Barclays has been conducting an internal review into the payments and is reporting its findings to US government investigators.
The disclosure was buried deep in the bank's 126-page report on its interim results out today.
Authorities including the U.S. Department of Justice, the Manhattan District Attorney's Office and the Office of Foreign Assets Control are involved "in relation to the possible resolution of this matter," the bank said in its report.
Barclays says it is "in advanced discussions with these and other authorities" to end the probes.
In February, the bank said it is also being investigated by the FSA over payments involving people or countries under Treasury sanctions.
The bank disclosed the Department of Justice probe in 2007.
Barclays declined to comment.
Today the bank posted profits of £3.95bn for the first half of 2010, up 44% on the same period last year.
The bulk of the profits were provided by the group's investment banking arm, Barclays Capital, which made £3.4bn.
Earlier this week, RBS was fined £5.6m by the FSA for failing to check over a year period whether its clients appeared on a Treasury sanctions list.

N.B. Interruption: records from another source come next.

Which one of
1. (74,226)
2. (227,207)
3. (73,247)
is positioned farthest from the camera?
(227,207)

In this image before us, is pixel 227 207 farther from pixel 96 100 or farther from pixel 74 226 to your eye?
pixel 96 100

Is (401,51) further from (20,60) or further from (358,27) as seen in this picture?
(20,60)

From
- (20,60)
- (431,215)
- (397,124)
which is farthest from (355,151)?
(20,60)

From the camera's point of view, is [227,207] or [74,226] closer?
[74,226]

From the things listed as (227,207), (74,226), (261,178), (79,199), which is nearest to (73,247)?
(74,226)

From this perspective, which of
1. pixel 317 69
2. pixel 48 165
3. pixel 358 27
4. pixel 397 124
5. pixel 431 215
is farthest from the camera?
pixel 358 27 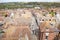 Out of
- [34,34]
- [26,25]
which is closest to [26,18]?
[26,25]

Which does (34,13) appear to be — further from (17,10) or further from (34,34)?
(34,34)

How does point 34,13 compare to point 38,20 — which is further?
point 34,13

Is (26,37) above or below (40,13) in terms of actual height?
below

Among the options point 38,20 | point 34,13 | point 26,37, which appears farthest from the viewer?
point 34,13

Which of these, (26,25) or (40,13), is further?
(40,13)

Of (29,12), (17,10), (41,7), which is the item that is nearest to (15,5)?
(17,10)

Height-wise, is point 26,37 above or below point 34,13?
below

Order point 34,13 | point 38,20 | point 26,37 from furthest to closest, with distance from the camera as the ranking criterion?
point 34,13 < point 38,20 < point 26,37

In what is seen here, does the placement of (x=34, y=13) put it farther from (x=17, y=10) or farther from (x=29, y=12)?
(x=17, y=10)
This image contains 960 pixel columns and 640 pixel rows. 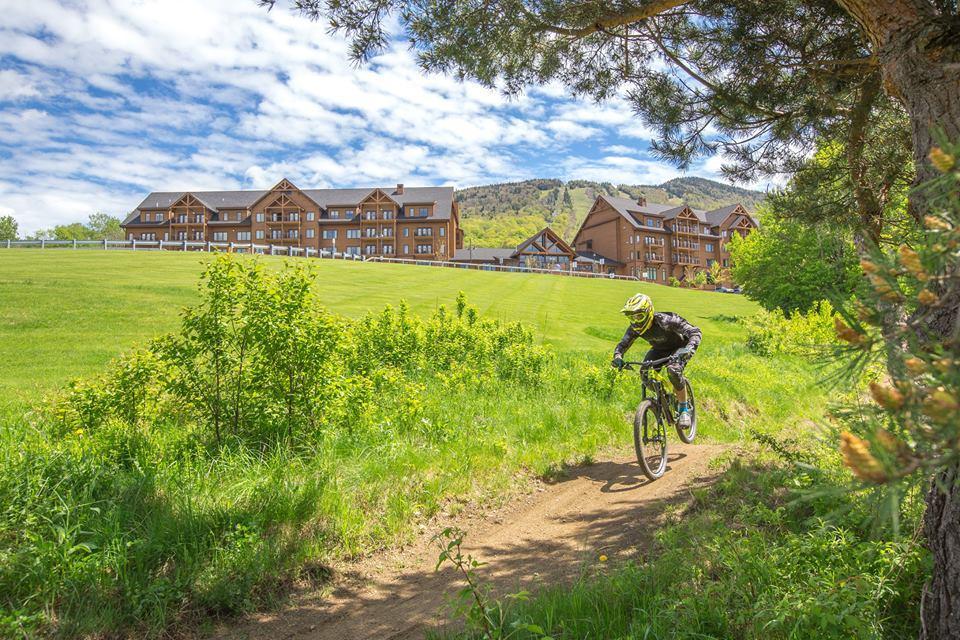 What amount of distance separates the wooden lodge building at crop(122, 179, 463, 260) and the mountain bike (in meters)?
76.3

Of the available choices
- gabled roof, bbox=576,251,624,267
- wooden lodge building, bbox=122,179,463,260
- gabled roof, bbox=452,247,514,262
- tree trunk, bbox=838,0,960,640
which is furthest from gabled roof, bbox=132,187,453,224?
tree trunk, bbox=838,0,960,640

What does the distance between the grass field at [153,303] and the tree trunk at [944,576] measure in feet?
18.8

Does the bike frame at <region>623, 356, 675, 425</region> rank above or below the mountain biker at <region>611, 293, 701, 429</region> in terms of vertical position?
below

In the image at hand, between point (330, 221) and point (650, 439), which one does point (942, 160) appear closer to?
point (650, 439)

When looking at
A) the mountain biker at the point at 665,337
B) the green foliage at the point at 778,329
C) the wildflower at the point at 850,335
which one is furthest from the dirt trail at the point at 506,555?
the green foliage at the point at 778,329

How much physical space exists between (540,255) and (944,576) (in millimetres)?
84625

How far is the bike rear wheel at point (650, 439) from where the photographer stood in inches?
263

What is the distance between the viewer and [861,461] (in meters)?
1.03

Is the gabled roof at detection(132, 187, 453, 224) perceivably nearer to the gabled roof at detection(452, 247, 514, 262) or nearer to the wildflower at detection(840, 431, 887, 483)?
the gabled roof at detection(452, 247, 514, 262)

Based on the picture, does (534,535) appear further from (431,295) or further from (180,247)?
(180,247)

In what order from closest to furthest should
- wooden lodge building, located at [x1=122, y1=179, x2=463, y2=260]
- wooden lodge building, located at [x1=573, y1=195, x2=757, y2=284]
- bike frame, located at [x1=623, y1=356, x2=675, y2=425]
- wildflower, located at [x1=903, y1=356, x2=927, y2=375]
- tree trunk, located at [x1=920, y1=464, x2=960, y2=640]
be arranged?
wildflower, located at [x1=903, y1=356, x2=927, y2=375]
tree trunk, located at [x1=920, y1=464, x2=960, y2=640]
bike frame, located at [x1=623, y1=356, x2=675, y2=425]
wooden lodge building, located at [x1=122, y1=179, x2=463, y2=260]
wooden lodge building, located at [x1=573, y1=195, x2=757, y2=284]

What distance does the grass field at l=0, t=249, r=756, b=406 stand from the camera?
12.8m

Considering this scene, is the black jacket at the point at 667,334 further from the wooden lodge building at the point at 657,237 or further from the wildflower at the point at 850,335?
the wooden lodge building at the point at 657,237

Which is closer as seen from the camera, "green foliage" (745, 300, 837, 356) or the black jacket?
the black jacket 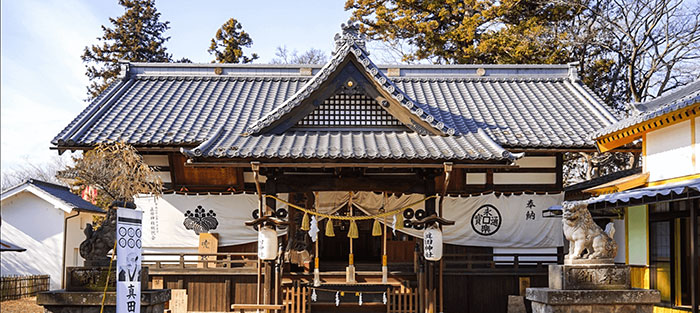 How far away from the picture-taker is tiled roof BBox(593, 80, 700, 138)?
11.1m

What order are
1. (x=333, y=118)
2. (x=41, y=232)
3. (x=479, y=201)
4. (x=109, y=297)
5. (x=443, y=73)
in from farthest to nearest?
1. (x=41, y=232)
2. (x=443, y=73)
3. (x=479, y=201)
4. (x=333, y=118)
5. (x=109, y=297)

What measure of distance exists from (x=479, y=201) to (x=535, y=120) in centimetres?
268

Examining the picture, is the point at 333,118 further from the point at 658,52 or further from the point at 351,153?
the point at 658,52

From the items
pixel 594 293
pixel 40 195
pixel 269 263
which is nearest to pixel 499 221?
pixel 269 263

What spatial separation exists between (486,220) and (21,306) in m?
14.0

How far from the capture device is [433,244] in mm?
12453

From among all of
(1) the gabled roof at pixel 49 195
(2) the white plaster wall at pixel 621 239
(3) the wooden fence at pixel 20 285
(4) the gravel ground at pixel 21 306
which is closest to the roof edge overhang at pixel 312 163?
(2) the white plaster wall at pixel 621 239

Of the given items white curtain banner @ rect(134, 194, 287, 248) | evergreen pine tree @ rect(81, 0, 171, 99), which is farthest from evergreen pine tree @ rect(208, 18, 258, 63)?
white curtain banner @ rect(134, 194, 287, 248)

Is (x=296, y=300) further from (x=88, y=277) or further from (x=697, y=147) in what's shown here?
(x=697, y=147)

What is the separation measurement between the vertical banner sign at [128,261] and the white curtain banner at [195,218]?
21.7 feet

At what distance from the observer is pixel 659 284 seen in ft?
40.4

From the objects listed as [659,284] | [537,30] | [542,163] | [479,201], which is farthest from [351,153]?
[537,30]

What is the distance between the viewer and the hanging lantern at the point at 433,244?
12445 mm

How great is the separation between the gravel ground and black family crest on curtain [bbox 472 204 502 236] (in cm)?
1209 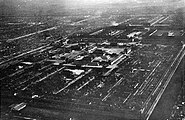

Its results are due out tomorrow.
The FSA has said finance firms need to make sure they have systems and controls in place to prevent breaching sanctions and to comply with money-laundering regulations.
In 2007, the Treasury created an asset-freezing unit to maintain a list of firms under financial sanctions, enforced by the FSA.
Lloyds Banking Group paid over $350m in January 2009 to settle a U.S. investigation over processing payments which allowed Iran and other nations under sanctions to get access to U.S. financial markets.
Lloyds admitted to altering wire transfer information to hide the identity of its clients and allowing several billion dollars to go through U.S. banks in violation of the sanctions, according to the settlement with the New York District Attorney's Office and the Justice Department.
Robert Morgenthau, the Manhattan District Attorney at the time of the Lloyds settlement, said nine other major foreign banks had used the same technique to disguise illegal transfers.